Cosa ne sarà del teatro Garibaldi dopo Manifesta? Il bar va a Moltivolti. E il Comune pensa a un bando

«Chiudere ufficialmente Manifesta avendo perfettamente riqualificato il teatro Garibaldi, consegnandolo alla città di Palermo pronto all’uso, potrebbe essere il nostro risultato più importante». Roberto Albergoni sa calibrare le parole, ma questa volta sceglie di farsi prendere un po’ dall’entusiasmo. Sarà che la fondazione Manifesta ’12, di cui è direttore, ha stabilito i propri uffici proprio all’interno della storica struttura di piazza Magione. Sarà che il quartiere Kalsa lungo tutto il 2018 ha visto migliaia di persone che l’hanno attraversato, tra artisti e creativi provenienti da ogni parte del mondo e giunti a Palermo proprio per la biennale nomade d’arte contemporanea che qui ha stabilito il proprio cuore nevralgico. 

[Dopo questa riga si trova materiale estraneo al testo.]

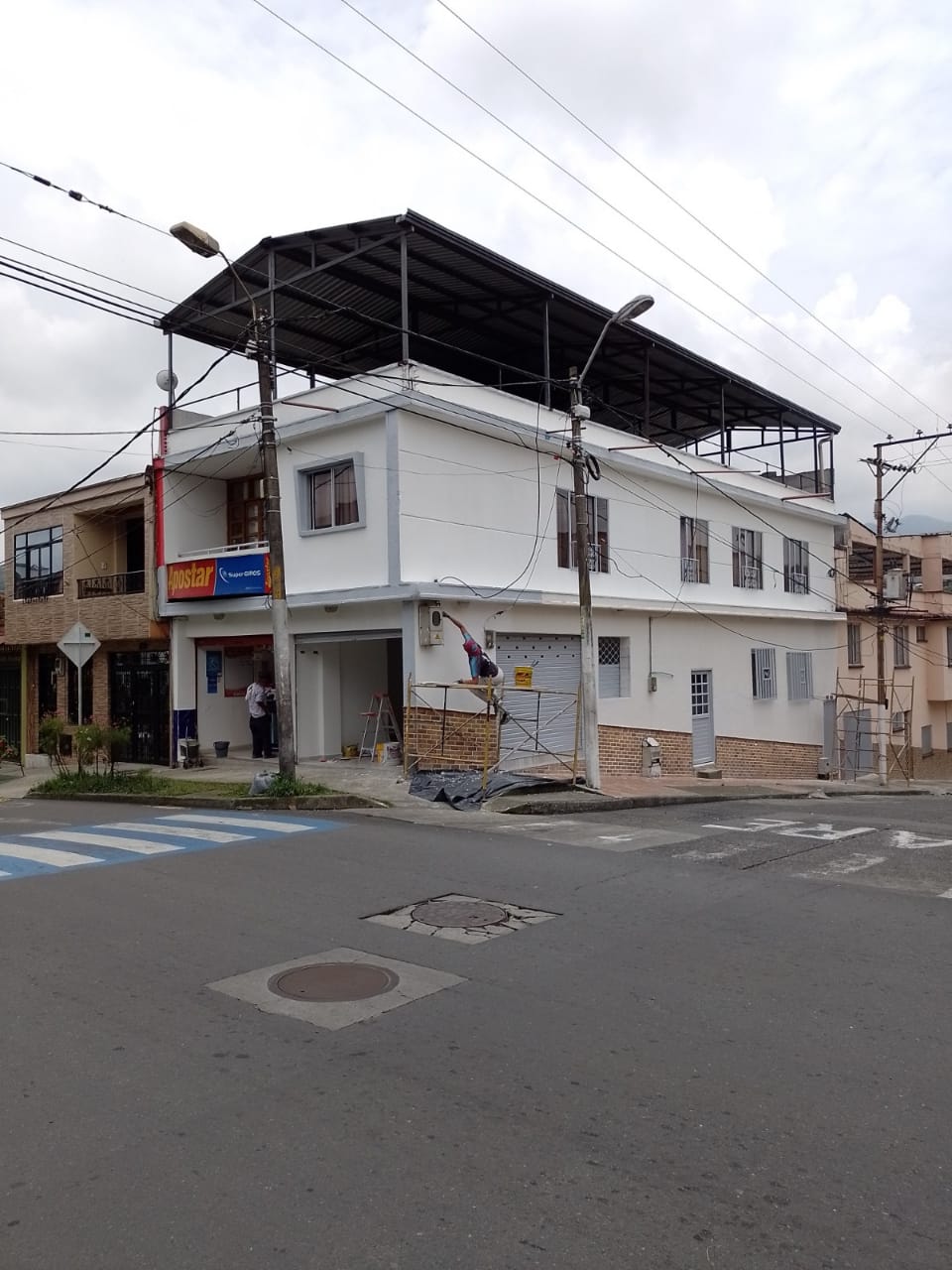 305072320230726032448-1 VENDO CASA CON LOCALES CERCA AL CENTRO EN PEREIRA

Il timore di tanti, dopo l’overdose culturale dell’anno passato che ha visto per il capoluogo siciliano anche il titolo di capitale italiana della cultura, era che il 2019 potesse essere una sorta di anno zero. Dopo tanto, il nulla. Paure confermate dai cancelli spesso chiusi del Garibaldi, che resta parzialmente carente sotto il profilo strutturale. Inizialmente il teatro sarebbe dovuto rimanere nella disponibilità della fondazione Manifesta fino al 31 dicembre 2018. Poi il Comune, a gennaio di quest’anno, ha esteso l’affidamento sino al 31 dicembre 2019. Tanto che a marzo la fondazione ha realizzato un regolamento per l’utilizzo del teatro da parte di terzi. 

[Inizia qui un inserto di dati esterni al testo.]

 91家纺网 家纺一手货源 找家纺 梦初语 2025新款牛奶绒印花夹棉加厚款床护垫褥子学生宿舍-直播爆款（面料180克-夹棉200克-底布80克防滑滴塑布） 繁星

«Noi non abbiamo più un’attività nostra di produzione culturale – spiega Albergoni -, per questo abbiamo convocato un incontro nei mesi scorsi, all’interno del teatro, che ha visto partecipare una 70ina di persone tra associazioni, singoli e l’università. Come direttore della fondazione mi sono sempre posto il problema di tenere aperta una struttura così importante. Abbiamo riaffidato il bar, che era rimasto stato chiuso, e sarà gestito da Moltivolti. Abbiamo poi presentato un progetto alla Regione per poter realizzare dei lavori all’interno, in modo da poter dotare il teatro di quel minimo di servizi essenziali come l’impianto luci, audio e di proiezione. Per restituire alla città uno stabile perfettamente funzionante. Sarà poi il Comune a decidere cosa farne».

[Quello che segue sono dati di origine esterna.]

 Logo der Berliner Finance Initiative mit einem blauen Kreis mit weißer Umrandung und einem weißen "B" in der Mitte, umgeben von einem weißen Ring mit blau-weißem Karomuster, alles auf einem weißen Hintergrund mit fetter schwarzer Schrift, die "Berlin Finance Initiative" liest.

Ecco, ma quali sono le intenzioni della giunta Orlando? A novembre del 2018 gli uffici dell’assessorato alla Cultura hanno lanciato un avviso che prevedeva una co-progettazione di iniziative culturali per rilanciare il teatro. Lo scopo era quello di concorrere, entro l’11 dicembre, al bando europeo Creative Europe che prevedeva un cofinanziamento pubblico-privato fino a due milioni di euro. Ma le quattro proposte giunte, in appena otto giorni, non avevano convinto il Comune – a essere scartate erano state la Vm Agency di Vincenzo Montanelli (società vincitrice della gara dell’ultimo festino di santa Rosalia), l’associazione Compagnia di Franco Scaldati, la fondazione istituto di Alta Cultura Orestiadi onlus e l’associazione Futurantica Srl. Così il Comune è tornato ad affidarsi a Manifesta.

A sei mesi di distanza da quell’opportunità persa, che aveva provocato qualche mugugno, qualcosa è cambiato. A partire dalla scelta del nuovo assessore di riferimento: non più Andrea Cusumano, ovvero il principale tessitore dell’operazione Manifesta a Palermo, ma Adham Darawsha. Il quale, oltre ad avere un nuova designazione (Culture e non più Cultura), fornisce un’indicazione precisa per il futuro del Garibaldi. «L’intento del Comune è quello di far restare il Garibaldi un teatro – afferma – Non sappiamo ancora se riprenderemo l’ipotesi del bando, è un’ipotesi che stiamo comunque valutando. Quel che è certo è che, dopo l’addio ufficiale di Manifesta, vogliamo che il teatro torni a essere tale, non diventerà altro e immediatamente sarà aperto al pubblico, sin da gennaio 2020».